Cuando se anunció que el próximo paso en la carrera de Gerwig sería adaptar Mujercitas, además de sorprendernos por el, a priori, radical cambio tonal y estilístico, muchos vimos prácticamente imposible que superase lo visto en su delicado retrato adolescente. Unas conclusiones, desde luego, precipitadas, porque su versión del clásico literario de Louisa May Alcott ha resultado ser un prodigio cinematográfico como para inaugurar con todo este 2020.
Pese a ser producciones radicalmente opuestas conceptualmente, la Mujercitas de Greta Gerwig triunfa al mantener intacta la esencia que hizo tan especial a su Ladybird. Todo ello sin traicionar en ningún momento las bases y el espíritu que convirtieron la novela de 1868 en el fenómeno trasladado al cine, el teatro, la televisión e incluso la radio en infinidad de ocasiones, pero modificando algunos puntos clave de la historia para llevar el relato a su terreno.

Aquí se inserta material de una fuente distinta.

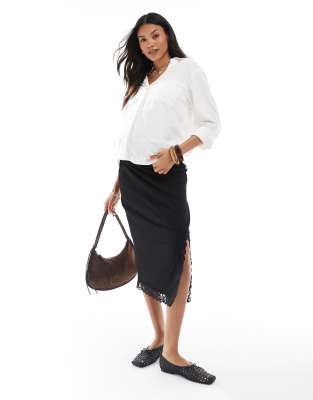 Mamalicious Maternity - Maxi-Umstandsrock aus Jersey in Schwarz mit Seitenschlitz und Spitzenbesatz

De este modo, el largometraje, más que como una nueva adaptación para la gran pantalla, se revela como una suerte de reformulación para las nuevas generaciones de espectadores que fortalece la figura de sus protagonistas de un modo sutil, aunque acorde a los tiempos que corren; combinando un clasicismo inesperadamente puro con un aire renovador en poco más de dos horas repletas de emociones a flor de piel y genio fílmico.
No necesitamos más que posar —con tremendo gusto— nuestra mirada sobre la hermosa dirección de fotografía de Yorick Le Saux, su exquisito uso del fotoquímico —está rodada en 35mm— y su cuidada recreación de la Norteamérica rural sumida en plena Guerra Civil, para empaparnos de un academicismo también presente en la forma, el texto e, incluso, en las delicadas partituras de Alexandre Desplat que conforman la banda sonora.
Es sobre estos cimientos más tradicionales donde la directora apuntala su sello autoral, visible tanto a nivel de realización —esos planos generales frontales y los seguimientos laterales son inconfundibles— como en lo que respecta a los diálogos y el discurso; tan frescos y dinámicos como las sobresalientes interpretaciones de un reparto estelar en el que, nuevamente, Saoirse Ronan logra robar todos los focos gracias a una calidad y a un talento desbordante para el drama y la comedia.
Un manejo de la estructura envidiable y que no teme en avanzar y retroceder en el tiempo sin remarcarlo, un delicioso jugueteo metaficcional, y un tono cálido y hasta cierto punto desenfadado que huye de la gravedad de anteriores traslaciones terminan de redondear una de esas cintas que invitan a celebrar la existencia del séptimo arte. Como decía, Greta Gerwig siempre estuvo ahí; y después de su Mujercitas, uno sólo puede desear que se quede durante mucho, mucho tiempo.